══ Listed entries

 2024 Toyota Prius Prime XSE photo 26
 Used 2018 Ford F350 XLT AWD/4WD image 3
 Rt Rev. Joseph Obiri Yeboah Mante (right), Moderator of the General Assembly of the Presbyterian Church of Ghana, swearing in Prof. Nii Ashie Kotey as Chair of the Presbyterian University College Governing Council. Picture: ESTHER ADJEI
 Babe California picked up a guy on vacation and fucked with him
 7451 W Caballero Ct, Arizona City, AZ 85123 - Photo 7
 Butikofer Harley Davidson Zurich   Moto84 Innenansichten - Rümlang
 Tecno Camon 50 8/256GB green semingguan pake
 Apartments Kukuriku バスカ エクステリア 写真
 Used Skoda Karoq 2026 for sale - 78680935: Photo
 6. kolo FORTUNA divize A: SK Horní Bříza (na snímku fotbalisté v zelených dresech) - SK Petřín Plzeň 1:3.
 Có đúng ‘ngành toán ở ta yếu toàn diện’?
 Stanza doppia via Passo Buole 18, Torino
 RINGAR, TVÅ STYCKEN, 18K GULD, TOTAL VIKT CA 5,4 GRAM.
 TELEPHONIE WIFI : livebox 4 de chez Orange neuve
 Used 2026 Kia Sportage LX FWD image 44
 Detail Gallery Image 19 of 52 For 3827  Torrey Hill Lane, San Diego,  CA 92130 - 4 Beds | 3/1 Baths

════

**What is needed:**
The records above need to be retyped in full, exactly as they stand.

**Exercise result:**
 2024 Toyota Prius Prime XSE photo 26
 Used 2018 Ford F350 XLT AWD/4WD image 3
 Rt Rev. Joseph Obiri Yeboah Mante (right), Moderator of the General Assembly of the Presbyterian Church of Ghana, swearing in Prof. Nii Ashie Kotey as Chair of the Presbyterian University College Governing Council. Picture: ESTHER ADJEI
 Babe California picked up a guy on vacation and fucked with him
 7451 W Caballero Ct, Arizona City, AZ 85123 - Photo 7
 Butikofer Harley Davidson Zurich   Moto84 Innenansichten - Rümlang
 Tecno Camon 50 8/256GB green semingguan pake
 Apartments Kukuriku バスカ エクステリア 写真
 Used Skoda Karoq 2026 for sale - 78680935: Photo
 6. kolo FORTUNA divize A: SK Horní Bříza (na snímku fotbalisté v zelených dresech) - SK Petřín Plzeň 1:3.
 Có đúng ‘ngành toán ở ta yếu toàn diện’?
 Stanza doppia via Passo Buole 18, Torino
 RINGAR, TVÅ STYCKEN, 18K GULD, TOTAL VIKT CA 5,4 GRAM.
 TELEPHONIE WIFI : livebox 4 de chez Orange neuve
 Used 2026 Kia Sportage LX FWD image 44
 Detail Gallery Image 19 of 52 For 3827  Torrey Hill Lane, San Diego,  CA 92130 - 4 Beds | 3/1 Baths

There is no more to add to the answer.